Currently, I am in Europe where I have noticed that the development of the digital economy is progressing rapidly. Seeing the state of play over here has promoted the discussion of how Australia is handling this and what needs to happen or change in Australia to keep up.
With this in mind, I strongly agree with the speech made by Paul Keating, our former Prime Minister and Treasurer, recently delivered to the Committee for the Economic Development of Australia (CEDA). He considered it one of his more important speeches in decades when he stated that “it was of little use to look backwards because such nostalgia “is not going to advance us” in the digital age”.
Rather than harping on about eras past, he said the country needed “a new golden age” of reform driven by these present realities and pushed by political leaders who possessed the vision to conceptualise beyond the constraints of the public service.

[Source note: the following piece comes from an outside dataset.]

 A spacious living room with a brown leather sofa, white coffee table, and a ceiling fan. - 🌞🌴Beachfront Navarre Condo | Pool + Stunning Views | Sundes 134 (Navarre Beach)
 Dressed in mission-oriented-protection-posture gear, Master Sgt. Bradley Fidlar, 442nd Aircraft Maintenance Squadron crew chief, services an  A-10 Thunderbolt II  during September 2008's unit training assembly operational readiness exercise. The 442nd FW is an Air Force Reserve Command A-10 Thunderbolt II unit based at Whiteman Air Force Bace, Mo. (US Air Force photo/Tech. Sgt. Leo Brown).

“Changes on a canvas of this kind are not going to drop from any department. You will not find them falling from a Treasury printer. Because of their essence, they require imagination, the principal tool that was employed in underwriting the ’80s and ’90s changes,” he said.

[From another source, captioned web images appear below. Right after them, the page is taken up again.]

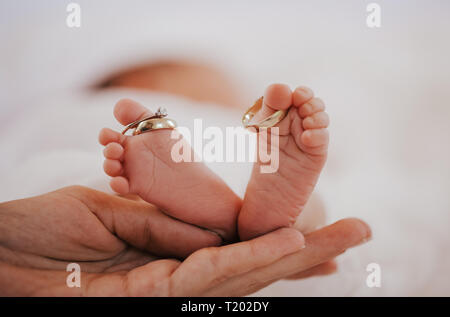 Close up baby avec les anneaux de mariage sur les gros orteils. Tenir la main de la mère les pieds. Banque D'Images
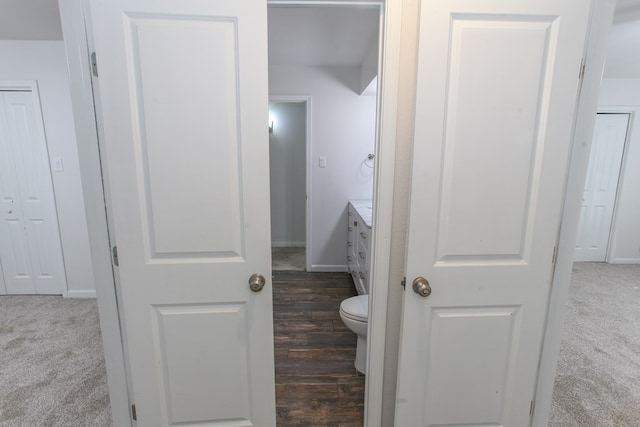 bathroom with toilet, vanity, and baseboards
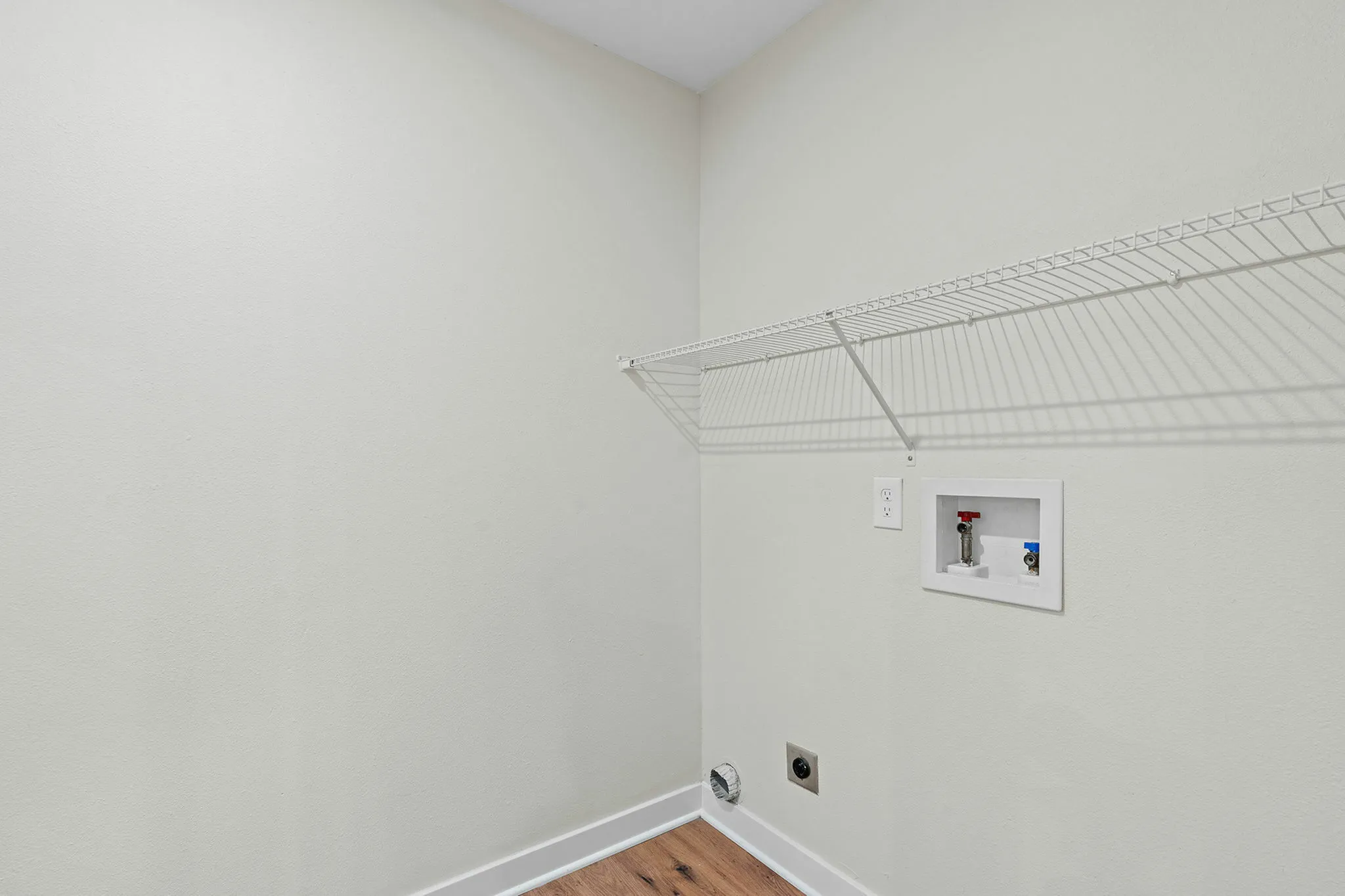 The separate laundry room offers additional storage
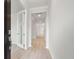 Bright hallway features hardwood floors, crown molding, and access to various rooms in the home at 752 Minton Rd, Charleston, SC 29412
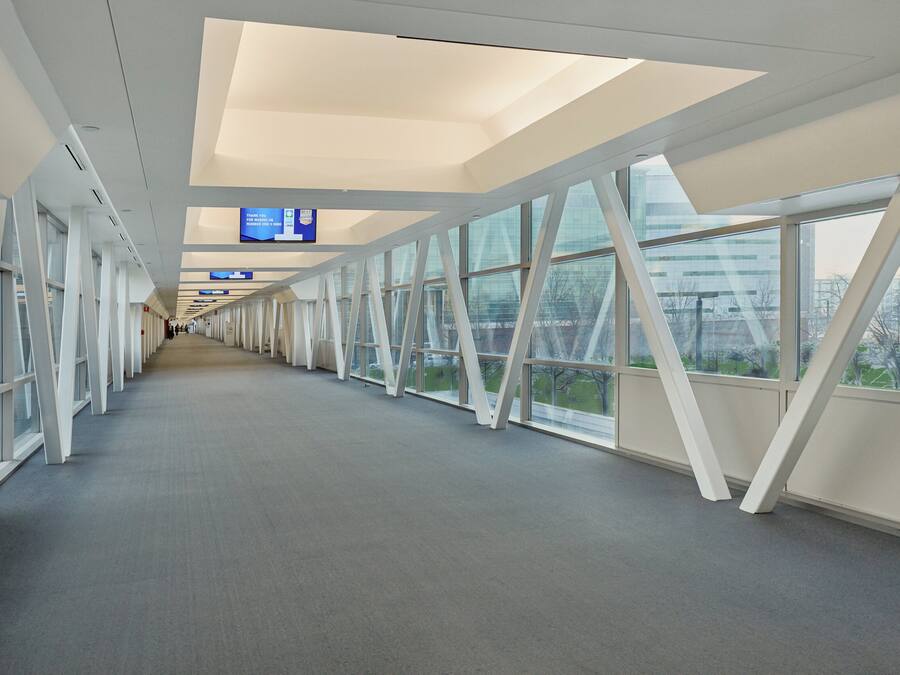A corridor with large windows and a flat ceiling.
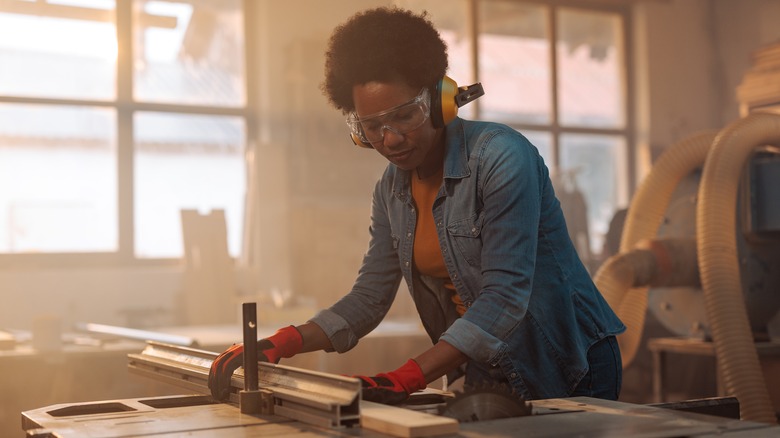 person cutting with table saw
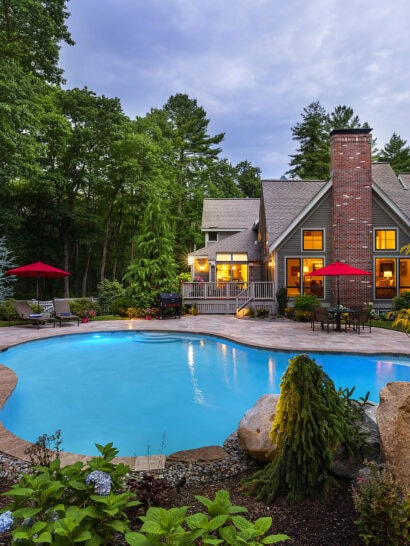 Gunite pool with stone paver deck. Landscaped flowerbeds in the foreground. Dex by Terra pool renovation in Carlisle, MA.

According to Mr Keating, governments are in danger of missing the turns and were already trailing consumers who have taken advantage of the greater choice and lower prices from the digital marketplace and “the smorgasbord of things on offer – and at their fingertips”.

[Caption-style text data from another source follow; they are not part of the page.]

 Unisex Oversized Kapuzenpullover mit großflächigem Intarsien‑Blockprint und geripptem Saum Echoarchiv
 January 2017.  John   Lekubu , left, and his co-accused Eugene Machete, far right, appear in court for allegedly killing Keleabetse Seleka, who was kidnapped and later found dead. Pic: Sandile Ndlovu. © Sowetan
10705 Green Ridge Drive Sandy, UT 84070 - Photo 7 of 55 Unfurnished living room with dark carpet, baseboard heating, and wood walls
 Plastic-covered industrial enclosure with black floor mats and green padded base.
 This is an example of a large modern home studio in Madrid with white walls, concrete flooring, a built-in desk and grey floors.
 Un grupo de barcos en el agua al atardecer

“The wider phase, the grander phase, where even larger gains are to be had, is in the heavily government-influenced areas of health, aged care, education and human services,” he said.
“These are the reform horizons we should be concentrating on, and not the dross handed down from the Business Council … the whinging from the ACCIs of this world about penalty rates when the reality of static wages growth stares us in the face.”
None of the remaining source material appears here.